I didn’t realize that I was Southern until I moved to Florida in eighth grade. Kids would come up and just ask me to talk. I couldn’t hear the difference in the way that I sounded out words and the way that they did. I’m pretty oblivious to details anyway. Paraded around from group to group, I just liked the attention. Along with my year and a half Florida stint in the nineties, I went to college in Central Florida as well. Not as much parading, but certainly some jabbed parroting.
And somewhere along the way, I heard that Southerners aren’t intelligent. I don’t know if I ever heard anyone say it directly, but it was implied. From Saturday Night Live skits, to the way certain people in the media talked about the South. Monologues and interviews were viewed millions of times on YouTube showcasing our storm-chasers and double-rainbow watchers. Even in seminary, caricatures of old-timey, Holy Ghost preachers were adopted as uneducated. Anyone with an ego like mine, hated that thought. Everyone lives in a bubble of thought and culture, but somehow mine was at the bottom of the totem pole.

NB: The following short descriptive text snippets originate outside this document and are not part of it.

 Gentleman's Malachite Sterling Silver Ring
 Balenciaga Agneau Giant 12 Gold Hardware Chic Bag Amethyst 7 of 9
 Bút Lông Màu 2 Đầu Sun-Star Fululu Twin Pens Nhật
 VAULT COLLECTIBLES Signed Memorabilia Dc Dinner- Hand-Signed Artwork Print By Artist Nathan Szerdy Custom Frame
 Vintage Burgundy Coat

Years ago I even bought a book and audio CD of how not to speak with a Southern dialect. If I could eschew my accent, I could unclaim my stereotype. I might have even moved from an 8 to a 7 on the drawl scale. “Enunciate each syllable. Do not hold on to the vowels.”
A couple of years ago, I was at Cracker Barrel (obviously abandoning my Southern roots). Along the wall was scattered corn bread mix, chow-chow relish, apple butter, buttermilk pancake mix, jars of fried apples, preserves, jellies, and jams, a peach cobbler kit, peanut brittle, pecan divinity and lemon drops- it was a perfect wall with perfect Southern delicacies and I thought to myself, “I want it all.” Like, I really want to buy everything on this wall and go home and eat it. It would seem that while I slept as a kid, my pallet was contrived by Cracker Barrel elves. And it occurred to me, “This is who I am. These are my people, this is my home, this is my food.”

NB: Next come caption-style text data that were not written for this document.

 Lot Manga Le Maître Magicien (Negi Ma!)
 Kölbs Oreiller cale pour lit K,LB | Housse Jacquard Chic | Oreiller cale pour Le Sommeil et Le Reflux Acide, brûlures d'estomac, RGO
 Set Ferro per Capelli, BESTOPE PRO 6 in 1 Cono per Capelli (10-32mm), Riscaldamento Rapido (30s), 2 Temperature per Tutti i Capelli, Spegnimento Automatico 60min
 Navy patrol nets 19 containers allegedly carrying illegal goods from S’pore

To be honest, I have never been embarrassed to be Southern. I have been embarrassed to be unintelligent, but I love the South. Like all cultures, we have our dark past that must be laid to rest once-and-for-all, but I love my people. And this week marks the time that I love it the most- the holidays. From Thanksgiving through Christmas, the South is as good as it gets.
Family matters around these parts. And my entire family will be here tomorrow. All of us. In-laws and out-laws, kids and grandkids, even my Australian in-law in-laws. This is when we are our best. Around an extended family table that should only sit 12, but we squeeze in more, because everyone wants to be with everyone. We’ll eat, and laugh, and tell stories. We’ll nap, and shop, and go watch a holiday movie. We’ll throw the football, watch some football, and spin kids on the tire swing out back. The food will sit out on the counter all day, because we feel that if we just graze all day, the calories are cut in half.
I had an epiphany at Cracker Barrel a few years ago. Or maybe I just came back around to what I always knew. I’m lucky to be from the South. I’m lucky to be born and raised in a culture that embraces what matters to the human spirit. What makes us who we are, builds our character, and shapes our values. Family.